Zu viele Optionen, zu wenig Kopf
Im Schnitt treffen wir rund 35.000 Entscheidungen am Tag. Die meisten passieren automatisch, manche bestimmen unser Leben. Doch die Multioptionsgesellschaft macht uns mürbe. Für eine 14-tägige Italienreise gibt es, so rechnen Reiseexperten vor, rund 700 Millionen Varianten.
Kein Wunder, dass Psychologen längst von decision fatigue sprechen – Entscheidungsmüdigkeit, die uns zu bequemen, oft riskanten Lösungen treibt.

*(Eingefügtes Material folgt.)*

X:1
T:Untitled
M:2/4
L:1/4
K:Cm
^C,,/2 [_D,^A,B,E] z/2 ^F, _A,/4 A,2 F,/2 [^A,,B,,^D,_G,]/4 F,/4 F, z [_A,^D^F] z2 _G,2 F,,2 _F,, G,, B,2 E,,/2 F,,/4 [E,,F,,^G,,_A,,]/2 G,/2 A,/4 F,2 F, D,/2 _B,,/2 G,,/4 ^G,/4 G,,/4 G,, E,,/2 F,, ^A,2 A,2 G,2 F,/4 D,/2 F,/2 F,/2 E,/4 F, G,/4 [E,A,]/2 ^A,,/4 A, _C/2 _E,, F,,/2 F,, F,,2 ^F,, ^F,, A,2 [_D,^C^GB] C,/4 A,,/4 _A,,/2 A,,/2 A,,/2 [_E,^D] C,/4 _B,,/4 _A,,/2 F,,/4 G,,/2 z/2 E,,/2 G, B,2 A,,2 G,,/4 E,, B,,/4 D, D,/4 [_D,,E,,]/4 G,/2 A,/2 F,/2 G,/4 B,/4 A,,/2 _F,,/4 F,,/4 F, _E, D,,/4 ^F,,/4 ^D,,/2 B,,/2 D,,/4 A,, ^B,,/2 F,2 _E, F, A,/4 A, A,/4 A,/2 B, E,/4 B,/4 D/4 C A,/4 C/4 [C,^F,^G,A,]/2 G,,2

Genau hier setzen KI-Agenten an. Digitale Helfer, die uns den Kleinkram abnehmen: Stromtarife vergleichen, Reisen buchen, Steuererklärungen ausfüllen. Künftig, so die Vision, managen wir persönliche „digitale Angestellte“, die unermüdlich für uns arbeiten.

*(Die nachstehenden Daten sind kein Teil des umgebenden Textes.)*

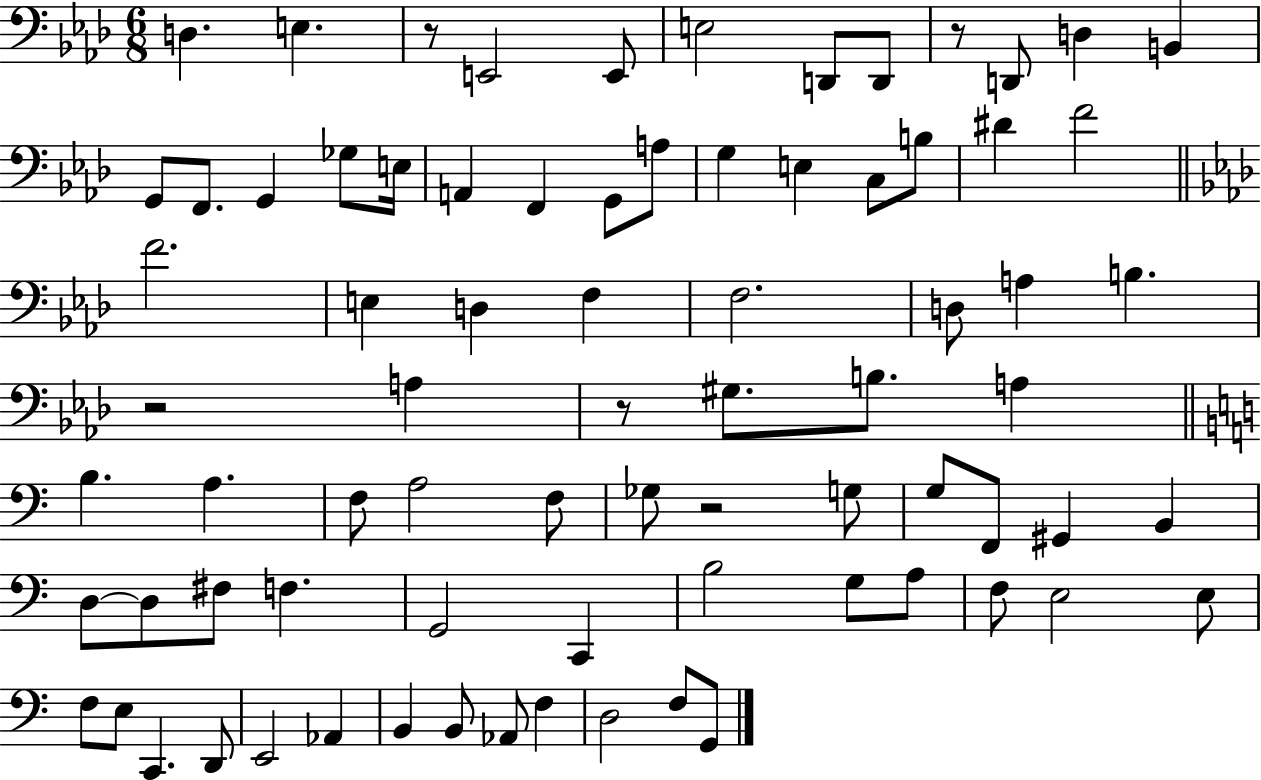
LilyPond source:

{
  \clef bass
  \numericTimeSignature
  \time 6/8
  \key aes \major
  d4. e4. | r8 e,2 e,8 | e2 d,8 d,8 | r8 d,8 d4 b,4 | \break g,8 f,8. g,4 ges8 e16 | a,4 f,4 g,8 a8 | g4 e4 c8 b8 | dis'4 f'2 | \break \bar "||" \break \key aes \major f'2. | e4 d4 f4 | f2. | d8 a4 b4. | \break r2 a4 | r8 gis8. b8. a4 | \bar "||" \break \key c \major b4. a4. | f8 a2 f8 | ges8 r2 g8 | g8 f,8 gis,4 b,4 | \break d8~~ d8 fis8 f4. | g,2 c,4 | b2 g8 a8 | f8 e2 e8 | \break f8 e8 c,4. d,8 | e,2 aes,4 | b,4 b,8 aes,8 f4 | d2 f8 g,8 | \break \bar "|."
}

Vom Warenkorb zur Wahlkabine
Unproblematisch ist das, solange es ums günstigste Hotel oder den besten Stromtarif geht. Politisch heikel wird es, wenn Maschinen anfangen, auch unsere Stimmzettel auszufüllen.

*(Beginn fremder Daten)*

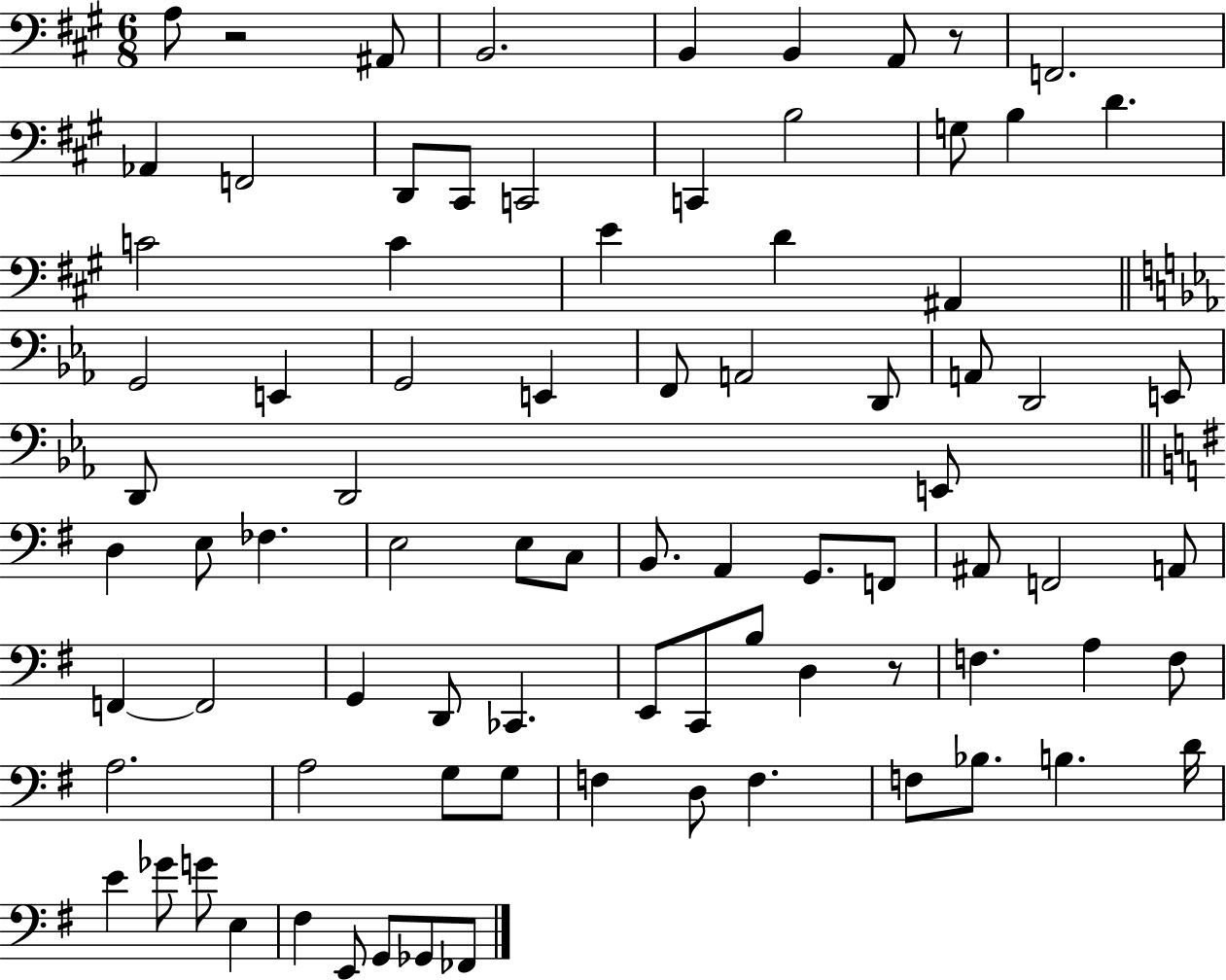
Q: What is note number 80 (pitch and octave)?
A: FES2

Technisch wäre es schon bald möglich: Die KI analysiert unsere Chats, Likes und Suchanfragen, gleicht sie mit Parteiprogrammen ab und wählt die Partei, die am besten zu uns passt.

Befürworter sprechen von „korrektem Wählen“ – nicht im Sinne politischer Korrektheit, sondern als passgenaue Übereinstimmung zwischen unseren Präferenzen und der Wahlentscheidung. Damit ließen sich Fehlentscheidungen reduzieren, bei denen Menschen aus Unwissenheit oder Emotion entgegen ihrer eigenen Interessen wählen.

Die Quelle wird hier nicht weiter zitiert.